New data from the London Stock Exchange and crunched by ETP provider GraniteShares shows the most-shorted UK stocks include some of the supposed “winners of lockdown”: supermarkets and food delivery companies.

The most-shorted company is Cineworld, perhaps unsurprising given that its cinemas in the UK and the US have remained shuttered for months on end due to the Covid-19 pandemic.

Around 7.5 per cent of its Cineworld was held by hedgie short-sellers, as of 12 July, with New Holland Capital the largest short position with 2.42 per cent of the company’s shares out on loan.

However, the second most-shorted UK stock is currently Sainsbury’s, with six hedge funds collectively holding 6.9 per cent of the blue-chip supermarket and betting on the share price to fall.

Short sellers place bets on stocks that they expect to fall in price.
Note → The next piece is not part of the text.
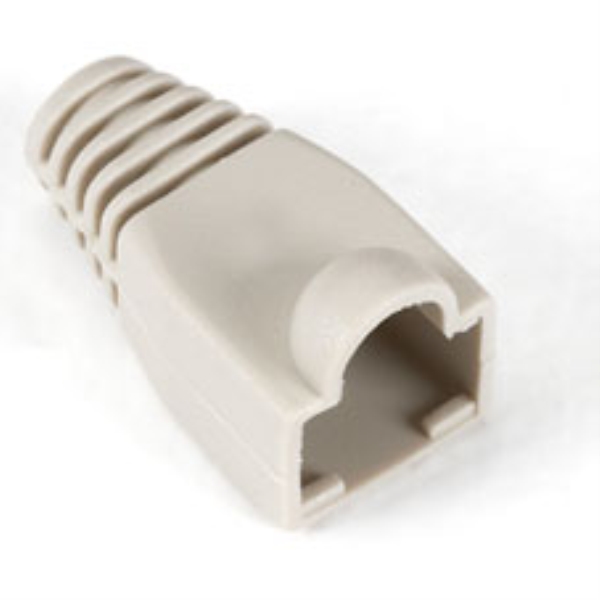 BLACK BOX CORP FMT735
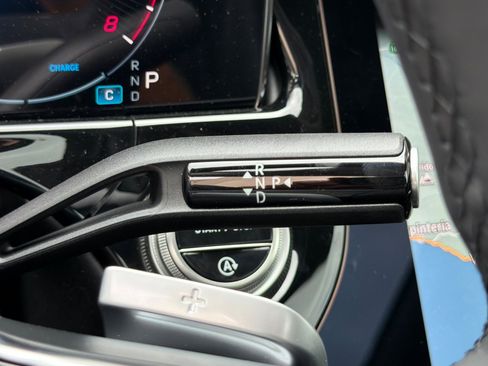 New 2026 Mercedes-Benz E 450 4MATIC Sedan image 20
Investors pay a fee to borrow shares in a company and then sell them with the aim of buying them back and then returning them to the lender.

Short sellers are betting that the stock they sell will drop in price, meaning they can quickly rebuy them and return them to the lender and pocket the profit.

Short sellers often bet against high-quality stocks that they believe have risen too far, too fast, and underperforming stocks that they believe may have critical underlying problems. 

Following Cineworld, which reported a $3bn annual loss in March, the next most shorted UK companies were Sainsbury’s, embattled miner Petropavlovsk, commercial landlord Hammerson and Domino’s Pizza, where the respective short positions were 6.9 per cent, 6.2 per cent, 5.8 per cent and 4.8 per cent respectively.

Will Rhind, chief executiveof GraniteShares, said: “Shorting stocks used to be the exclusive
pursuit of institutional investors, but sophisticated individual investors are now increasingly doing
this.

“The value of funds invested in our 3x short single stock ETPs listed on the London Stock
Exchange was around $35m million on 1 December 2020, but this increased to around $140m by July this year.